Do you have any bitext? (e.g. aligned translations -- one side Tajik, the other side Farsi?) That would make development a hell of a lot easier...
Thanks,
Fran
PS. I now have a ~8,000 entry wordlist and growing... I might play around with that in the future.
On Sun, 2006-05-28 at 18:04 -0700, Mark Williamson wrote:
Also, you're missing a few letters.
I'm not 100% certain about the *proper* conversion of the following passage, but:
оаضое доئме шварое омнета созмон млл мтаҳд дрборҳ арضҳ мшвақ ҳо бҳ ҷмҳваре осломе бҳ таваофқ нздеки шднд: ҳоваеҳ свалоно [ соата پيш ۴:۵۴ ] дрҳолекиҳ ҳоваеҳ свалоно мсвал сеоста خорҷе отаҳодеҳ орваپо др ншста вазерон омвар خорҷҳ отаҳодеҳ орваپо дрборҳ нздеки шдн оаضое доئме шварое омнета созмон млл мтаҳд бҳ таваофқе дрборҳ арضҳ мшвақ ҳо бҳ оерон др озое дста брдоштан таҳрон оз брномҳ ҳстаҳ ое خбр ме дҳд، мқомҳое оژонс бен олмлле онрژе отаме оз оҳтамол тавақф غне созе овароневам др оерон сخн вофтанд ва озҳор доштанд бшрط оенкиҳ омрекио таضмен кинд др صдд сқваط ҳкивамта осломе брнеоед، таҳрон брномҳ ҳстаҳ ое мтавақф ме созд. бо онкиҳ ҷрҷ бваш рئес ҷмҳваре омрекио оз оҳтамол бррсе мшвақ ҳое орваپо бҳ оерон др صварта дста брдоштан ҷмҳваре осломе оз брномҳ ҳстаҳ ое сخн вофта، киондвалезо роес вазер омвар خорҷҳ омрекио вофта оз омрекио خваостаҳ ншдҳ омнета рژем осломе ро таضмен кинд. др ҳмен ҳол рҳбр ҷмҳваре осломе вофта донш ҳстаҳ ое оендҳ блндмдта онрژе оерон ро таضмен ме кинд ва оен ро нбоед бҳ ҳеچ бҳоее оз дста дод. оз свае девор рвасеҳ др сфр оевовароеваонф дбер шварое омнета рвасеҳ бҳ таҳрон бор девор پешнҳод غне созе овароневам др خоки рвасеҳ ро бҳ оерон ороئҳ кирд.

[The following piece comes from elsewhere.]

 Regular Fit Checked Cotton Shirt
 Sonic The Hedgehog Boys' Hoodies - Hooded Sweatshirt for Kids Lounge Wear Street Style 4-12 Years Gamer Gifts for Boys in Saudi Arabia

As you can see, there're quite a few letters missing. One thing worth noting is that if you have the sequece "ое", it's actually much more likely to be "оя".
But while I'm at it, I'll give you the proper transliterations for the missed letters:
<ض > д <ئ > it means there is another vowel, as in اسرائیل (Esraail; Israel) <پ > п <خ > х as in سخن > сухан (speech) <ژ > ж as in نژادی > нажоди (ethnic) <غ > ғ as in غول > ғӯл (gigantic) <ص > с <ط > т as in شرط > шарт (wager) <چ > ч as in کوچ > кӯч (migration) <
Best, Mark On 28/05/06, Francis Tyers spectre@ivixor.net wrote:
Actually the opposite ;)
The italics were the ones that seemed to me to be discernable.
I'm working on messing around with the vowels. It would be helpful if there was an "official" transliteration standard, but I can't seem to find one.
Thanks for the link to RFE, I've actually already been trawling it to download as much as I can in Tajik, then I intend to produce a wordlist (possibly by frequency) and experiment with comparing "transliterated" Farsi with the wordlist by edit distance.
It would be helpful to have a bilingual dictionary, but I don't think any currently exist in machine tractable form.
Regards,
Fran
On Sun, 2006-05-28 at 14:37 -0700, Mark Williamson wrote:
Also, I noticed that you seemed to use italics for what you took to be incorrect transliterations.
In fact:
"бднео" is an incorrect transliteration of "ба дунё", same with "лҳоз" and "лиҳози"; "ҳқвақ" and "ҳуқуқ"; "боҳм" and "бо ҳам", "бробрнд" and "баробаранд"; "ҳмҳ" and "Ҳама"; "ваҷдон" and "виҷдонанд" (except for the -and suffix); "нсбта" and "нисбат"; "бекидевор" and "ба якдигар"; and possibly even "бо рваҳ бробре" and "бародарвор".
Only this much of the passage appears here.